Les députés demandent par ailleurs des clarifications sur :

  • l’éligibilité des catastrophes se produisant à l’échelle régionale, en instaurant un critère objectif permettant de les assimiler aux autres catastrophes ;
  • le critère du seuil de revenus qui devrait être adopté comme critère général de base pour tous types de catastrophes (au cas où ce critère serait établi comme indicateur pour déterminer l’éligibilité d’une catastrophe de dimension régionale, il faudrait l’adapter pour l’aligner aux niveaux du PIB régional du dernier exercice pour lequel les chiffres officiels sont disponibles, en lui appliquant un facteur de correction prédéfini).

Les députés estiment que l’avis selon lequel le seuil de dommages de 1,5% du PIB régional au niveau NUTS 2  proposé pour définir l’éligibilité d’une catastrophe de type régional éclaircirait les attentes relatives à la recevabilité ou non d’une demande potentielle d’intervention du Fonds. Ils soulignent également que ce seuil est beaucoup trop élevé et qu’il ne peut que très difficilement être atteint pour fournir la réponse attendue par les citoyens. En conséquence, les victimes d’une catastrophe continueront à reprocher à l’Union son manque de sensibilité face à ses concitoyens.

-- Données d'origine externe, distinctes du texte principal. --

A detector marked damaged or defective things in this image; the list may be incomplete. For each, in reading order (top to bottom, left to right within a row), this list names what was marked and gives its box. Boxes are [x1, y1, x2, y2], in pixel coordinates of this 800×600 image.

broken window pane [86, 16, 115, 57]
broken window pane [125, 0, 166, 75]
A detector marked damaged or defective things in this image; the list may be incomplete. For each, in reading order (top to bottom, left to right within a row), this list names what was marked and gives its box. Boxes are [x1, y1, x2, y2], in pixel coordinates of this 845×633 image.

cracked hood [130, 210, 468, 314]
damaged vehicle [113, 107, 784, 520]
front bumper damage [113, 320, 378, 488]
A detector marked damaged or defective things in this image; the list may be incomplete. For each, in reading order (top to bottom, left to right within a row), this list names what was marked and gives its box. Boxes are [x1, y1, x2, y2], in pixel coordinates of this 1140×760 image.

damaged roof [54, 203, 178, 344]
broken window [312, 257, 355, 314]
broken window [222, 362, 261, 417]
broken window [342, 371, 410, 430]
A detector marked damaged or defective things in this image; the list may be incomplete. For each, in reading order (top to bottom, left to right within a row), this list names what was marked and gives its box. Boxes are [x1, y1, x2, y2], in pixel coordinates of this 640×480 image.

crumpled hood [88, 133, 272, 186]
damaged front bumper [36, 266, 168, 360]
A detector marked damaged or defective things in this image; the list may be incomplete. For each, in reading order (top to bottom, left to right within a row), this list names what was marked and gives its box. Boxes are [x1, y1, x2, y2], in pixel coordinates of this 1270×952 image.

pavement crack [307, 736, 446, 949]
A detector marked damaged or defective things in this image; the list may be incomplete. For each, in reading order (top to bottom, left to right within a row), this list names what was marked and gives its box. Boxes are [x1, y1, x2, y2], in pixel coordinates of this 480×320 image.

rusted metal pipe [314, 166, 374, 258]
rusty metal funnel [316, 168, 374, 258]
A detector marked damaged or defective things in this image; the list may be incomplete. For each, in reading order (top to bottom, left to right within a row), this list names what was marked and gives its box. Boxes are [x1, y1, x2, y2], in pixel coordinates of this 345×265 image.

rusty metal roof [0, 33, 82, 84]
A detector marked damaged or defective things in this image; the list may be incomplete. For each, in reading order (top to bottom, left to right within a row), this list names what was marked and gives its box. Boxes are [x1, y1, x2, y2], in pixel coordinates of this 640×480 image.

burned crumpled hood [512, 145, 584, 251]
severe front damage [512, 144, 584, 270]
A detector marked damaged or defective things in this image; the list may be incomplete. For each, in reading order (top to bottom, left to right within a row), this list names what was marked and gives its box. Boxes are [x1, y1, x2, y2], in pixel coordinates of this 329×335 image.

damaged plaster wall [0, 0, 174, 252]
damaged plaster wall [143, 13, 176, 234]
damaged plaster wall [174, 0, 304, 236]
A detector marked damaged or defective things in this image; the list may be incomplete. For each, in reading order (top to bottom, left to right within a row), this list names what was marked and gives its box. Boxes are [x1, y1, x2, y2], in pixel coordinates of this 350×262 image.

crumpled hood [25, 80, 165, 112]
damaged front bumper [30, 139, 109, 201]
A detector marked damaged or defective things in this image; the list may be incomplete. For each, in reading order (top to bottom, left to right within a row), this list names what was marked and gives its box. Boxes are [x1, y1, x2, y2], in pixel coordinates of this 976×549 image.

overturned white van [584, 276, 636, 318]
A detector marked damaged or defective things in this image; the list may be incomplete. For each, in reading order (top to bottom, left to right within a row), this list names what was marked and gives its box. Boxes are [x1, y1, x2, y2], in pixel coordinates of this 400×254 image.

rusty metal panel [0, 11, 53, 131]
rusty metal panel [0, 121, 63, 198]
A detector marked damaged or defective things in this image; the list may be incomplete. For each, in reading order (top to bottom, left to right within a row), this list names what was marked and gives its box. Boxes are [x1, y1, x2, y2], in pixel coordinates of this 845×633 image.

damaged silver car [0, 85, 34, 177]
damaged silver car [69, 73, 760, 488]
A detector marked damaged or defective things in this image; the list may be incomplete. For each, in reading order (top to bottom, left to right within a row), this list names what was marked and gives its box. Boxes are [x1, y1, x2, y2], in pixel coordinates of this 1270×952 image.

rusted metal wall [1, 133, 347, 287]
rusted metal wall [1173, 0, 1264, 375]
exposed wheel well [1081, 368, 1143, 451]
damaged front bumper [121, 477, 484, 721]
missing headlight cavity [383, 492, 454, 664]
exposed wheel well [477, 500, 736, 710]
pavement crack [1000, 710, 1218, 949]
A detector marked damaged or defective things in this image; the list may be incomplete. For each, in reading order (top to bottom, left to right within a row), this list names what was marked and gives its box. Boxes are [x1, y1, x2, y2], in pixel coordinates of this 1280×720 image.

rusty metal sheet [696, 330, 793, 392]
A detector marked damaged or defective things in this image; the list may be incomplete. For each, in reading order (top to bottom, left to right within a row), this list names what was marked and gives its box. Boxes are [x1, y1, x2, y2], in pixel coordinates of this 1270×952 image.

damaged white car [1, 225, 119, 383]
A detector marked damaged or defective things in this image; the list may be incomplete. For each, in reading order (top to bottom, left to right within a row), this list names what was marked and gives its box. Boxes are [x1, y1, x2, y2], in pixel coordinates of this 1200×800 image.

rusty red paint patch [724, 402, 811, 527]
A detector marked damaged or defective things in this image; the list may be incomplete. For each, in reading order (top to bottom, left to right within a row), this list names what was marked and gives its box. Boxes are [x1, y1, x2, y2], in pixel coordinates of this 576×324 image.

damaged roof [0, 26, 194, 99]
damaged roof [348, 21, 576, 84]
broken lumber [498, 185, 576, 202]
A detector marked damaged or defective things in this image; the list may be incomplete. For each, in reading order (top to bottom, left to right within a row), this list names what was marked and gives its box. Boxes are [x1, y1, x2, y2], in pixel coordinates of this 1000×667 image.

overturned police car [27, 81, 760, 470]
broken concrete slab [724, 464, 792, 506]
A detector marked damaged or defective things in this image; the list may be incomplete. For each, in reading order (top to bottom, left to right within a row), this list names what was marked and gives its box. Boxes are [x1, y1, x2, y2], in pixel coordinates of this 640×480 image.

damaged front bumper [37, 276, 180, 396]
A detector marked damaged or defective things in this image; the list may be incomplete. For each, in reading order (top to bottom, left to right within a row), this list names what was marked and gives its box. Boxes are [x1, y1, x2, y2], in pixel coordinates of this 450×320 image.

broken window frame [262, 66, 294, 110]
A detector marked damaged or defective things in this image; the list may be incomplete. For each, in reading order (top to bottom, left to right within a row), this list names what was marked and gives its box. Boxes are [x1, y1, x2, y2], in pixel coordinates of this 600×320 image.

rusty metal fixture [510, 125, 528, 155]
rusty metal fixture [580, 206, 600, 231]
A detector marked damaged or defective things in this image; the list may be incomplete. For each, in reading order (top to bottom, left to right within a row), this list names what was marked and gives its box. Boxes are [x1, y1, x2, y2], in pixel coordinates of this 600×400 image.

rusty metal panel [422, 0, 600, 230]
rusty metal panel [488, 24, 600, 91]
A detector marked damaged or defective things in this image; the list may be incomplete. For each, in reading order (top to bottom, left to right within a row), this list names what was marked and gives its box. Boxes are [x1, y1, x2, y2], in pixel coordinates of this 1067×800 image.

Les députés appellent également à des mesures de prévention pour éviter les catastrophes.

Les députés demandent en outre que l’on prenne en compte :

  • la sécheresse comme un champ d’application thématique éligible au FSUE, en gardant toujours à l’esprit qu’il s’agit d’un problème structurel durable qui peut difficilement respecter les délais d’enregistrement fixés ;
  • les catastrophes naturelles à caractère méditerranéen, essentiellement dues au changement climatique.

Ils soulignent qu’au titre du prochain cadre financier 2014-2020, les régions devraient bénéficier d’une marge suffisante et redistribuer les ressources qui leur seront attribuées afin de pouvoir augmenter, si elles le jugent nécessaire et opportun, les ressources disponibles en cas de catastrophe. Les députés demandent enfin : i) une meilleure définition des dommages couverts par cet instrument au titre d’une catastrophe naturelle ; ii) une plus grande complémentarité avec d'autres instruments de financement, tels que les Fonds structurels.